Starting at the top of the records below and ending with the line that contains "A pair of young", print each line exactly as written, skipping the pictures.

======

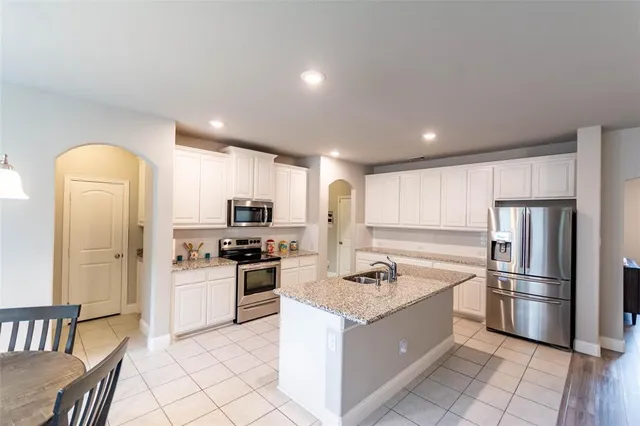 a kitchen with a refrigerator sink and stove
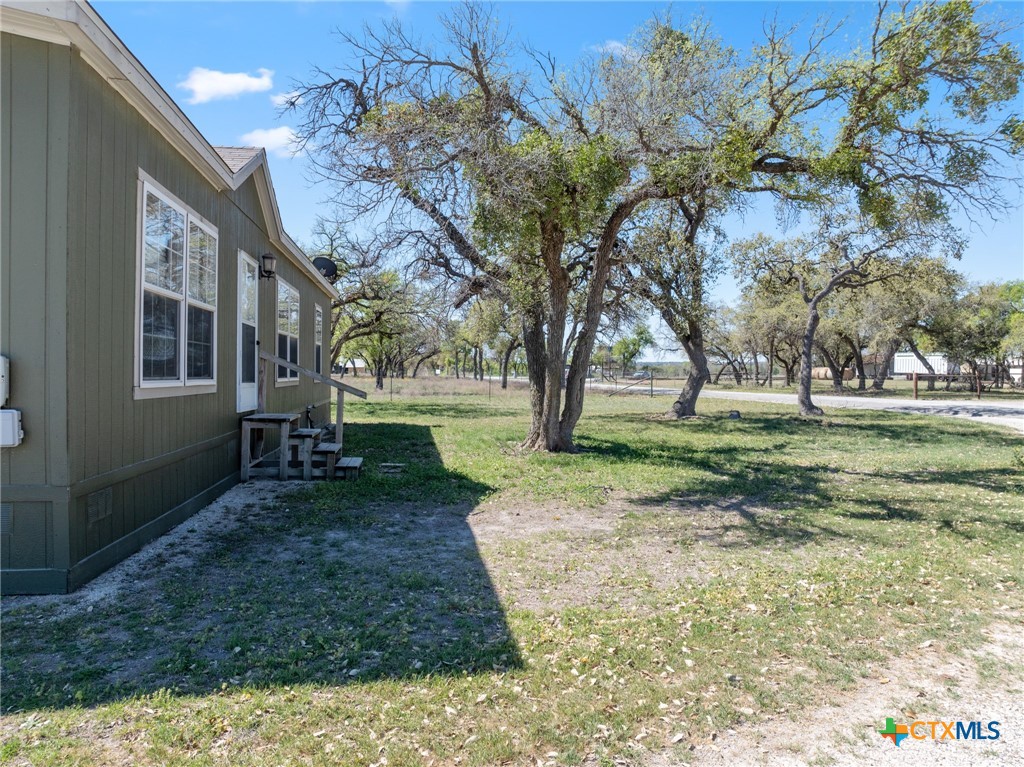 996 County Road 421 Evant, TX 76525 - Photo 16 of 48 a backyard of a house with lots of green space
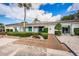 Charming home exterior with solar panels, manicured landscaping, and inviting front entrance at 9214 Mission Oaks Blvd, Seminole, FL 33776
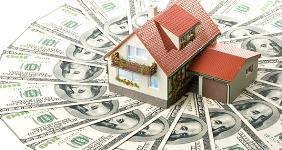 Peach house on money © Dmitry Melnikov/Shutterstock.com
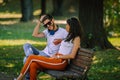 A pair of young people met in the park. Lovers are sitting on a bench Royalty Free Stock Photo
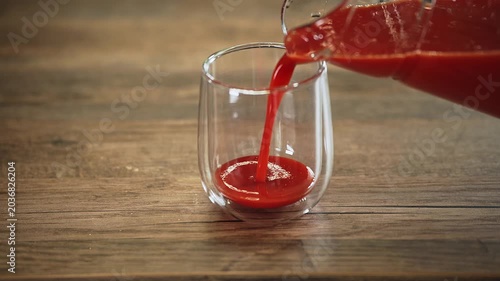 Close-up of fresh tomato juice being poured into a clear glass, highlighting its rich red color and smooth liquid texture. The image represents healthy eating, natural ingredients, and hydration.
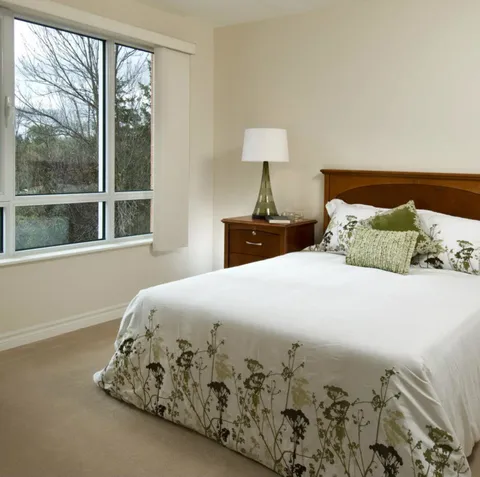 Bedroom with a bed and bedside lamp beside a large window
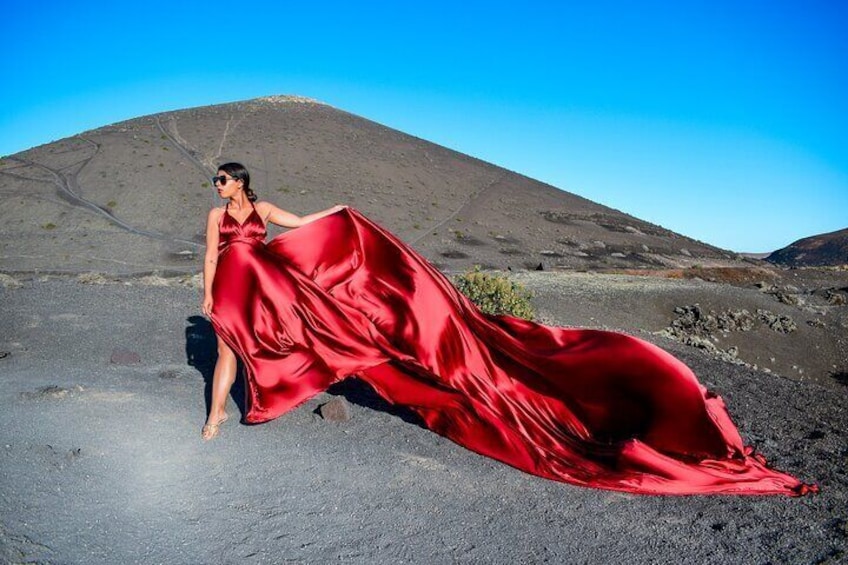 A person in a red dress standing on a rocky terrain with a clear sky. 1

======

→ Output of the exercise:
 a kitchen with a refrigerator sink and stove
 996 County Road 421 Evant, TX 76525 - Photo 16 of 48 a backyard of a house with lots of green space
 Charming home exterior with solar panels, manicured landscaping, and inviting front entrance at 9214 Mission Oaks Blvd, Seminole, FL 33776
 Peach house on money © Dmitry Melnikov/Shutterstock.com
 A pair of young people met in the park. Lovers are sitting on a bench Royalty Free Stock Photo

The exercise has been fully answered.